InceptionNet-v3 tflite model is quantized to float16. I have shared the deployment code.

import tflite_runtime.interpreter as tflite
import numpy as np
from PIL import Image
import copy

def load_model(model_path):
    '''
    Used to load the model as a global variable
    '''
    model_interpreter = tflite.Interpreter(model_path)   
    return model_interpreter

def infer(image, model_interpreter):
    '''
    Runs inference on the input image
    '''
    model_interpreter.allocate_tensors()
    input_details = model_interpreter.get_input_details()[0]
    output_details = model_interpreter.get_output_details()[0]
    input = model_interpreter.tensor(input_details["index"])
    output = model_interpreter.tensor(output_details["index"])
 
    image = image.resize(input_details["shape"][1:-1])
    image = np.asarray(image, dtype=np.float32)
    image = np.expand_dims(image, 0)
    image = image/255
   
    input()[:] = image
    model_interpreter.invoke()
    results = copy.deepcopy(output())
    
    return results

When I run my load testing program (written using Locust - a python load testing package), then I don’t see any error till the user count breaches ‘3’. After that I start seeing Runtime error given below:

RuntimeError: There is at least 1 reference to internal data
      in the interpreter in the form of a numpy array or slice. Be sure to
      only hold the function returned from tensor() if you are using raw
      data access.

I don’'t see the error for every request.
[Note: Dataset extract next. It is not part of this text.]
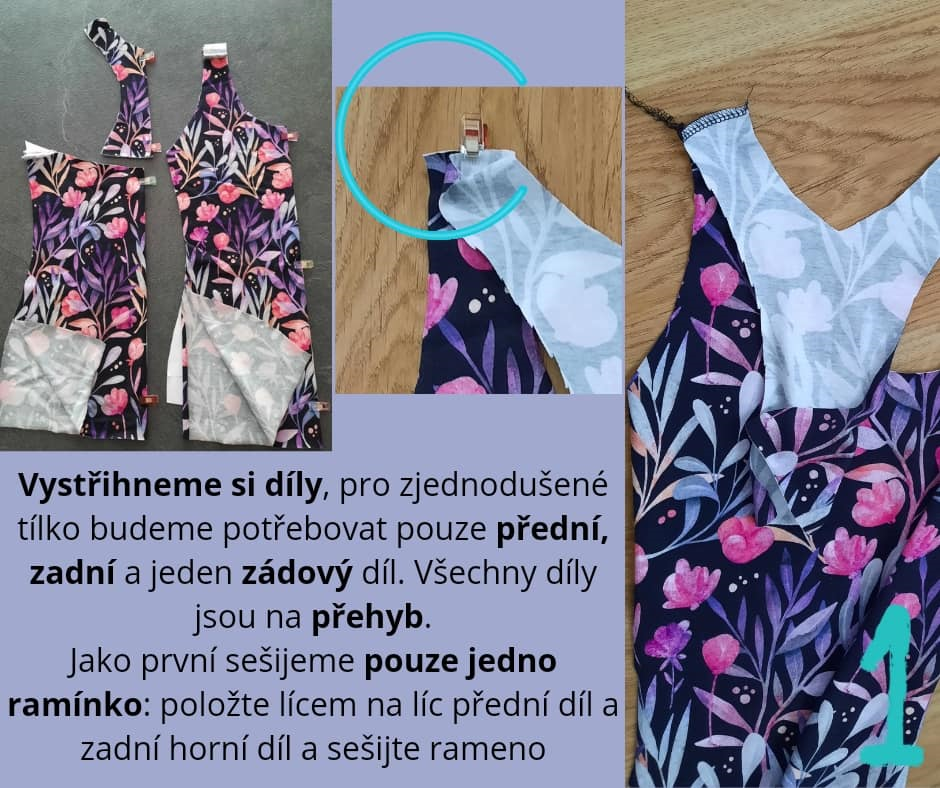 Vystřihneme si díly, pro zjednodušené tílko budeme potřebovat pouze přední, zadní a jeden zádový díl. Všechny díly jsou na přehyb. Jako první sešijeme pouze jedno ramínko: položte lícem na líc přední díl a zadní horní díl a sešijte rameno.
It is random in nature.

When I placed the model loading codelines inside infer function. I stopped seeing this error. But, this will load a new model everytime. This is fine while the model size is less. But, after sometime, this will contribute a good amount towards the inference time.

Is there a way to solve this random error while having the TFLite model as a global variable?

Thanks.

EDIT:
I tried out signature runners api. I didn’t get the error but, for some reason my docker container kept on exiting without any error. I think, it was because of lack of memory.

Does signature runner create multiple interpreter instances in different threads when the current intrepreter is being run thus using up all the available RAM?

Hi, @Prikmm

I apologize for the delayed response, if you still need help on this issue could you please run the performance benchmark on the model with the --enable_op_profiling=true? It will give much more details.

Please refer official documentation for performance best practices and to confirm, did you try workaround suggested in this stackoverflow thread, if not please give it try once and see is it resolving your issue or not ?

If issue still persists after trying with latest version please let us know with more information and with more information to investigate this issue further from our end ?

Thank you for your cooperation and patience.